Dear Fellow Communicators in English,

 

What do you do when somebody tenaciously objects to your English usage that you’re sure is correct? Should you just stonewall until the objector gets tired and backs off?

 

I found myself a conscientious objector and the butt of objection last week over two separate cases of disputable English usage—the first a flawed sentence construction regularly used by a well-respected economist in her closing spiel for the TV news analysis segment of “News on Q” (“No issue is too big or too small to affect you”); and the second a serious challenge to my use of the plural determiner “those” in the headline “Inoculating ourselves against all those journalistic nonsense.” In the first case, the economist continues to intone the flawed English usage despite my critique of it in my newspaper column almost two mont hs ago, and in the second, there simply was no shrugging off the Australian objector who insisted that I should have used the singular “that” instead because “nonsense” is a singular mass noun, as in “All that jazz.”

 

This week’s edition of Jose Carillo’s English Forum provides separate blow-by-blow accounts of my efforts to resolve these two grammar issues—including posting in the Forum my column about the economist’s flawed English as a last resort, and asking four notable American English-grammar mavens to weigh in with their opinion on the “that/those” impasse. As usual, of course, the Forum’s regular sections feature several provo cative and very interesting articles for your reading enjoyment.

 

THIS WEEK IN THE FORUM (November 14-20, 2009):

·        My Media English Watch: A Glaring Grammar Error Persists on “News on Q” (No faulty English usage on TV is too small not to be corrected publicly)

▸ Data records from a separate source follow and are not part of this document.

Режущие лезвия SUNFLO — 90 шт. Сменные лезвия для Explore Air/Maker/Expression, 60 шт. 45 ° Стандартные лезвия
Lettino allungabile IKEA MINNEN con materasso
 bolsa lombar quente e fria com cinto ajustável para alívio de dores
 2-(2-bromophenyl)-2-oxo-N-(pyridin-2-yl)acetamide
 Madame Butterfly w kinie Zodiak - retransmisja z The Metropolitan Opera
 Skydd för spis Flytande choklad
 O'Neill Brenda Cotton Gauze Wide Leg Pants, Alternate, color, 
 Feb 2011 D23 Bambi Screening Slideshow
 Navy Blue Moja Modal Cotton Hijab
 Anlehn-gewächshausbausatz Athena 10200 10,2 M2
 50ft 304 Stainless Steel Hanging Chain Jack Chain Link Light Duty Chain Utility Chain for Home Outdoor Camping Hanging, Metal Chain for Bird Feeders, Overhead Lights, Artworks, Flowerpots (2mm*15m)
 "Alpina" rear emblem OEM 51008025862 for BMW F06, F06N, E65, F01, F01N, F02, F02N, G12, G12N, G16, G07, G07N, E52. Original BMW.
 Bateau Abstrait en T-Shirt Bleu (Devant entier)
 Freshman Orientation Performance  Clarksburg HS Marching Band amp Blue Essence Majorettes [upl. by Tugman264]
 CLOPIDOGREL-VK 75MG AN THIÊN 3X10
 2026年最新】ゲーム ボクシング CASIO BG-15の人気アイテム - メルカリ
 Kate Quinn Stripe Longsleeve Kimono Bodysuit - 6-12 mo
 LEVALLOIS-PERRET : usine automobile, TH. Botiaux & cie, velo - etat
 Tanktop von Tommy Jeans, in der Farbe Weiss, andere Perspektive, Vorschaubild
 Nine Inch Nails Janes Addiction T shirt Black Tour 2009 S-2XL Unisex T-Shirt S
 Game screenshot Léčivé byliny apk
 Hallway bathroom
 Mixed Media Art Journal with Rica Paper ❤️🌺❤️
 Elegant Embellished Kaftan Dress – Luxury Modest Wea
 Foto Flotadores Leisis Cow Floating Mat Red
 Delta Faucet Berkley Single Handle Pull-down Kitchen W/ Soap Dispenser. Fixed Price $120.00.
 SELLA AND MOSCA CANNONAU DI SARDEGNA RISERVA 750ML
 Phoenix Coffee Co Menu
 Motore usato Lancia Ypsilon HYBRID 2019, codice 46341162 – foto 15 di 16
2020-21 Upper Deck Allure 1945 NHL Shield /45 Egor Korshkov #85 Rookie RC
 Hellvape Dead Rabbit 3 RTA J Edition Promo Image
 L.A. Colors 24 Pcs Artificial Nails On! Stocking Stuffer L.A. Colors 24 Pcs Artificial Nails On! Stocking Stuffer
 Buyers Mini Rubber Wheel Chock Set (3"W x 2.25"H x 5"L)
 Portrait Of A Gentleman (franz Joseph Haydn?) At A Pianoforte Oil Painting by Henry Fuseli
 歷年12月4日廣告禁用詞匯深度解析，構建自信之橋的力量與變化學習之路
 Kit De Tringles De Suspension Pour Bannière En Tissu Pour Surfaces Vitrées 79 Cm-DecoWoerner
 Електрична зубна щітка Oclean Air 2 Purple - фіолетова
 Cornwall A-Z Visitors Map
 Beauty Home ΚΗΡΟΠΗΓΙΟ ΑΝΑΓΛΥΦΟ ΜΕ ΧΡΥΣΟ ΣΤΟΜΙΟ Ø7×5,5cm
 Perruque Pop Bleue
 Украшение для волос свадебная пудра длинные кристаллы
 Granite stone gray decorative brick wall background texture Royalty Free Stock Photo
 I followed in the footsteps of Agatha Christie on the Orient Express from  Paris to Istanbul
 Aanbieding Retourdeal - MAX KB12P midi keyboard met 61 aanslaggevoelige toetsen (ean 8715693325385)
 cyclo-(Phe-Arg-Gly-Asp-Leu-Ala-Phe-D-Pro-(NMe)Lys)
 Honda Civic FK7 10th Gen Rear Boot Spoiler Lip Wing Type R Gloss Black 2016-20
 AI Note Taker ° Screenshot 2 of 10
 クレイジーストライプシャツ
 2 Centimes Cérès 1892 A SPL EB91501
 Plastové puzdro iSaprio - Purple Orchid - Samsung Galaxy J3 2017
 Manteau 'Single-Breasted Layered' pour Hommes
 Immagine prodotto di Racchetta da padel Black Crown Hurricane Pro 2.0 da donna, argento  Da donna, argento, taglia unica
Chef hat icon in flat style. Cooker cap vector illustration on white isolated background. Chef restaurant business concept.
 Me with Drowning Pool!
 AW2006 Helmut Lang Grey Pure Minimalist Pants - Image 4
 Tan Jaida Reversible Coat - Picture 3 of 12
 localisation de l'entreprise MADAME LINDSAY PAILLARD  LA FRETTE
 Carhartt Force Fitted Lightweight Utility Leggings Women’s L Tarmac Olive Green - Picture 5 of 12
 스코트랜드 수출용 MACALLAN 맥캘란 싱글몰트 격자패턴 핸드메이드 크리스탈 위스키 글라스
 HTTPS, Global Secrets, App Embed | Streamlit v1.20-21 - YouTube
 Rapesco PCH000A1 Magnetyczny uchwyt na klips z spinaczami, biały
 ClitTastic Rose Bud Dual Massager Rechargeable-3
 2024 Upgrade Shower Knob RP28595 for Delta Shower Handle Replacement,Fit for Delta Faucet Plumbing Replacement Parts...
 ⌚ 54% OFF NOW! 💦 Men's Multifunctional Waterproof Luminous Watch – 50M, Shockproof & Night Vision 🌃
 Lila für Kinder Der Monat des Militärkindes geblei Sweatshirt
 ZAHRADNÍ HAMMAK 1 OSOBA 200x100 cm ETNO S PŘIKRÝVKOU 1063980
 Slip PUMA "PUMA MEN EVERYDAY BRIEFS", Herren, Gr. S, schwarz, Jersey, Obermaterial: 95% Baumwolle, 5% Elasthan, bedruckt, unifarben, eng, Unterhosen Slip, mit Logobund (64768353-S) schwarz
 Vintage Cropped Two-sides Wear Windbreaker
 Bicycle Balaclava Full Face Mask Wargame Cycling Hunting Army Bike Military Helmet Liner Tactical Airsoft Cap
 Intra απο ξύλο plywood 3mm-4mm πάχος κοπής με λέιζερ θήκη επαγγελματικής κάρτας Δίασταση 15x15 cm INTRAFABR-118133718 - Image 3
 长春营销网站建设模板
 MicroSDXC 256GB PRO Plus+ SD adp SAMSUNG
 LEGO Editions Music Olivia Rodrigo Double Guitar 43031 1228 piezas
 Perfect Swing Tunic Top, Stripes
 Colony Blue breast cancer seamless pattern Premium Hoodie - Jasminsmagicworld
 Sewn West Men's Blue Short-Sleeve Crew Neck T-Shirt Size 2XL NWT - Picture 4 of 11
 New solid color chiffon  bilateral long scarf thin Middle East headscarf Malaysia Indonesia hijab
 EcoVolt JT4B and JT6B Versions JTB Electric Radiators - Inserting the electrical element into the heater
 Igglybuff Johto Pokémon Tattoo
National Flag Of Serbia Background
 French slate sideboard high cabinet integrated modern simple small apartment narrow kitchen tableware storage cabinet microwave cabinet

·        You Asked Me This Question: Should We Use the Verb “Refused” Instead in “I Was Denied a US Visa”? (Figure out first who’s the doer and receiver of the action)

·        How Good is Your English?: For TOEFL Reading Comprehension Test, Better Bone Up on Americana (This way, you won’t feel like a Martian when taking it)

·        Essays by Jose Carillo: Figuring Out the Number of Ways of Skinning a Cat (What to do if it isn’t clear whether the subject is singular or plural)

·        News and Commentary: Gains in English Teaching, Learning of Students in the Philippines Cited (Five-year review shows continuous improvement)

·        Readings About Language: Four English Grammar Mavens Help Resolve a Disputed Usage (An instructive lesson in language and conflict resolution)

·        Special Forum on Education: Discusssions Have Shifted Focus to Virtues and Perils of Taglish (Signs of life in the language area after a long hiatus)

·        Advice and Dissent: In the US , are Too Many Students Going to College? (The American dilemma on this perhaps should be food for thought for us as well)

·        Time Out from Grammar: Physicist Wows, Then Humiliates Science Community with Fool’s Gold  (When the screening criteria for inventions get lax, expect bedlam)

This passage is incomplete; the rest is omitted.